EXERCISE:
For this exercise, please transcribe exactly and only the lines from the one containing "A man demonstrating" through the end of the material, both ends included, without pictures.

= Beginning of Section =

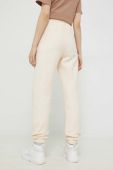Спортивні штани Champion жіночі колір бежевий з аплікацією Спортивні штани Champion жіночі колір бежевий з аплікацією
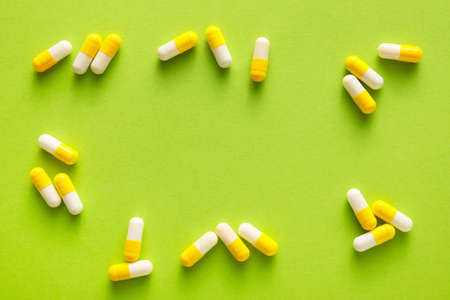 Many capsules on green background
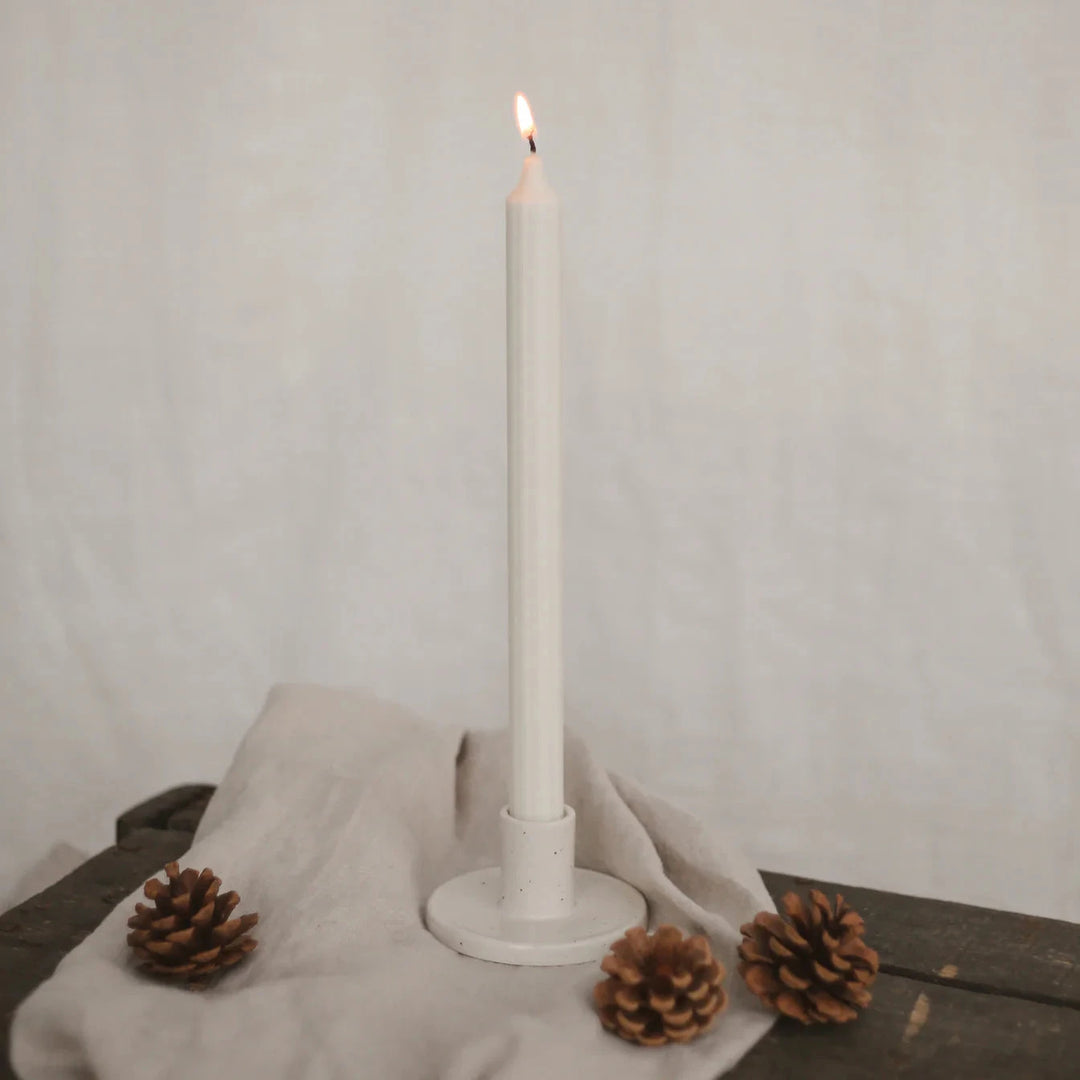 Lighted white stick candle by Eulenschnitt in a candle holder on a beige linen cloth, next to it 3 pine cones. North Glow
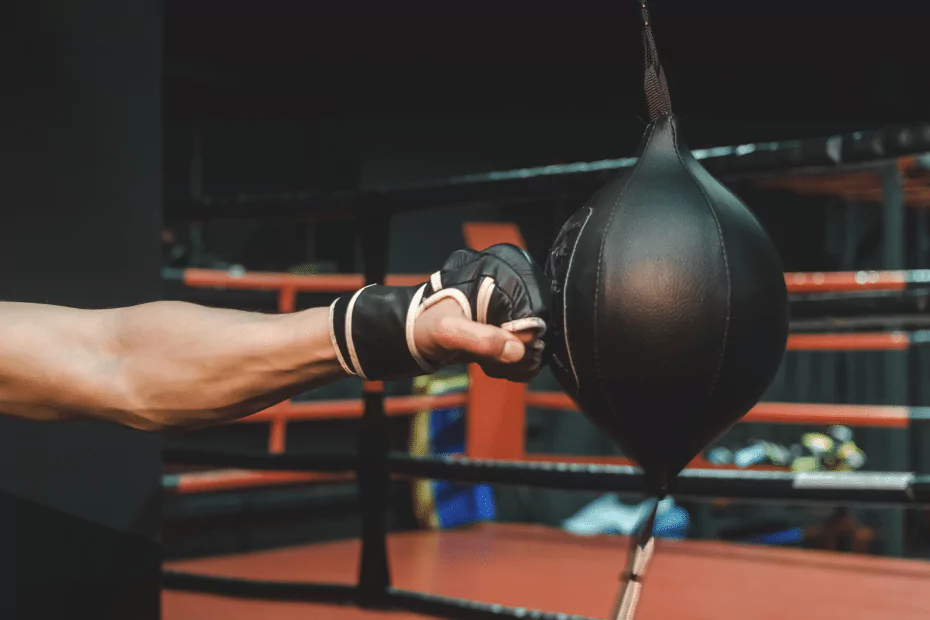A man demonstrating boxing technique by punching a bag in a ring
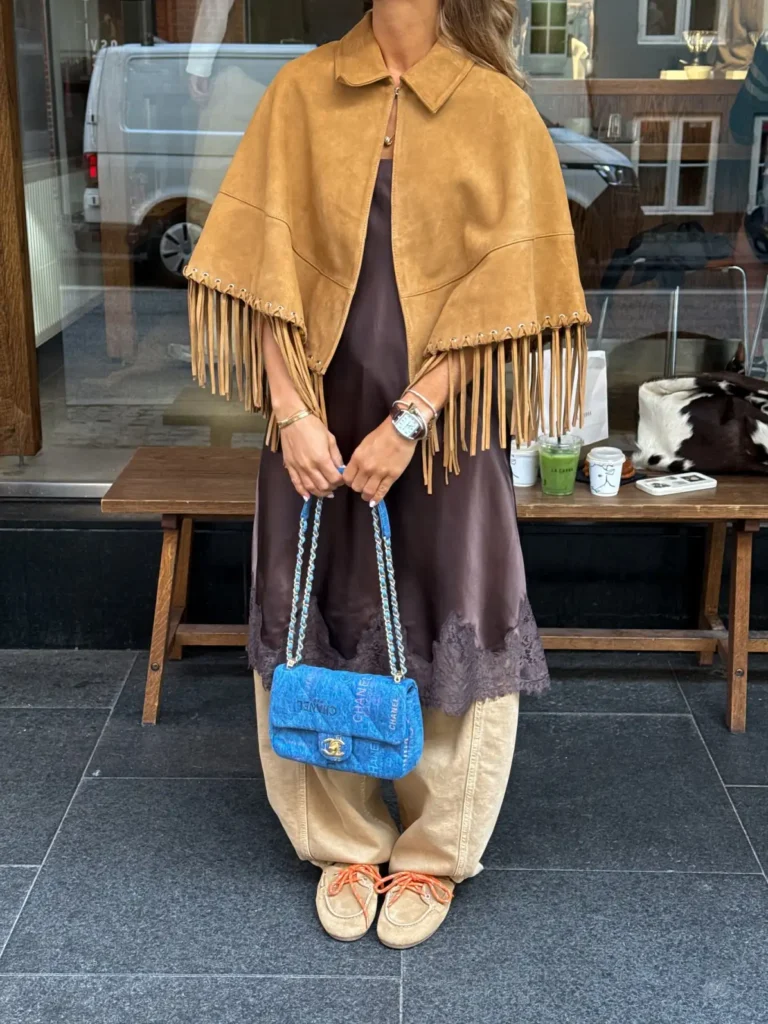 Woman wearing a tan fringe cape over a brown lace-trim slip dress layered with light wide-leg jeans and a bright blue bag.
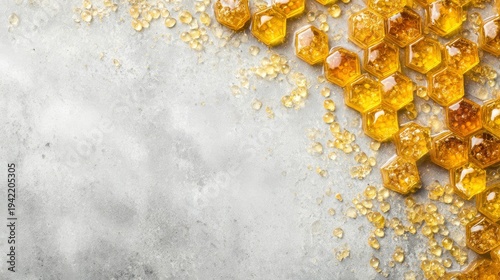 Golden honeycomb with scattered honey droplets on concrete surface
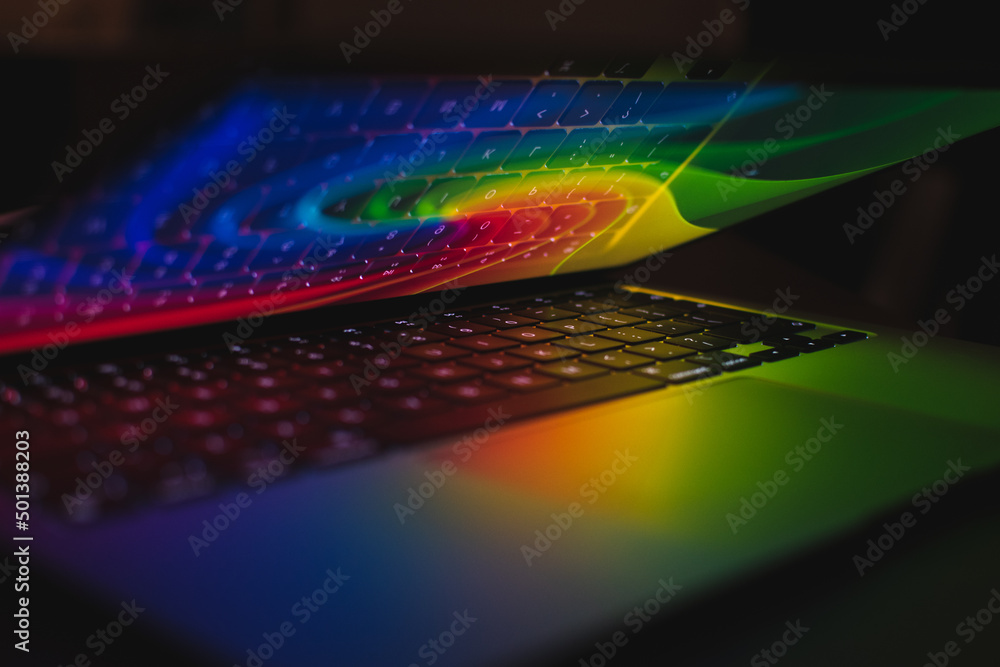 Poster closeup shot of an open laptop with rainbow light on it and a keyboard reflecting on a screen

= End of Section =

RESPONSE TO THE EXERCISE:
A man demonstrating boxing technique by punching a bag in a ring
 Woman wearing a tan fringe cape over a brown lace-trim slip dress layered with light wide-leg jeans and a bright blue bag.
 Golden honeycomb with scattered honey droplets on concrete surface
 Poster closeup shot of an open laptop with rainbow light on it and a keyboard reflecting on a screen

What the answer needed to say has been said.